When you provision a kubernetes cluster with kubeadm etcd is a static pod and its configuration file etcd.yaml is located in the /etc/kubernetes/manifests/ directory.
Assuming a non-production installation, I happened across a case where a backup of etcd was taken, a deployment was deleted and then the backup was restored. Naturally the expected result after editing etcd.yaml so that data-dir pointed to the restored database, was for the previously deleted deployment to reappear. It did not! Six restores in a row did not result in bringing it back. Let’s see the steps taken in a test cluster created to replicate what happened:
First, two deployments were created:
$ kubectl create deployment nginx --image nginx
deployment.apps/nginx created
$ kubectl create deployment httpd --image httpd
deployment.apps/httpd created
$ kubectl get pod
NAME READY STATUS RESTARTS AGE
httpd-757fb56c8d-vhftq 1/1 Running 0 4s
nginx-6799fc88d8-xklhw 1/1 Running 0 11s
Next, a snapshot of the etcd was requested:
$ kubectl -n kube-system exec -it etcd-ip-10-168-1-35 -- sh -c "ETCDCTL_API=3 \
ETCDCTL_CACERT=/etc/kubernetes/pki/etcd/ca.crt ETCDCTL_CERT=/etc/kubernetes/pki/etcd/server.crt \
ETCDCTL_KEY=/etc/kubernetes/pki/etcd/server.key etcdctl --endpoints=https://127.0.0.1:2379 \
snapshot save /var/lib/etcd/snapshot.db "
:
:
{"level":"info","ts":1637177906.1665,"caller":"snapshot/v3_snapshot.go:152","msg":"saved","path":"/var/lib/etcd/snapshot.db"}
Snapshot saved at /var/lib/etcd/snapshot.db
Oh my god, we deleted an important deployment!

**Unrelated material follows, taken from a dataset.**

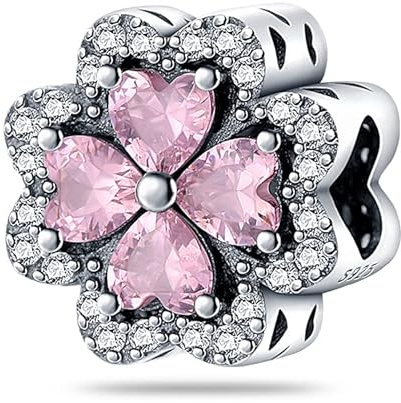 TINSLO Charm Anhänger Damen 925 Sterling Silber für Armband Charms Beads passend für Pandora Armband und Halskette, Kompatibel mit Europäischen Armbänder für Frauen Mädchen B1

$ kubectl delete deployment nginx
deployment.apps "nginx" deleted
$ kubectl get pod
NAME READY STATUS RESTARTS AGE
httpd-757fb56c8d-vhftq 1/1 Running 0 53s
nginx-6799fc88d8-xklhw 0/1 Terminating 0 60s
$ kubectl get pod
NAME READY STATUS RESTARTS AGE
httpd-757fb56c8d-vhftq 1/1 Running 0 114s
Quick! Bring it back. First let’s restore the snapshot we have, shall we?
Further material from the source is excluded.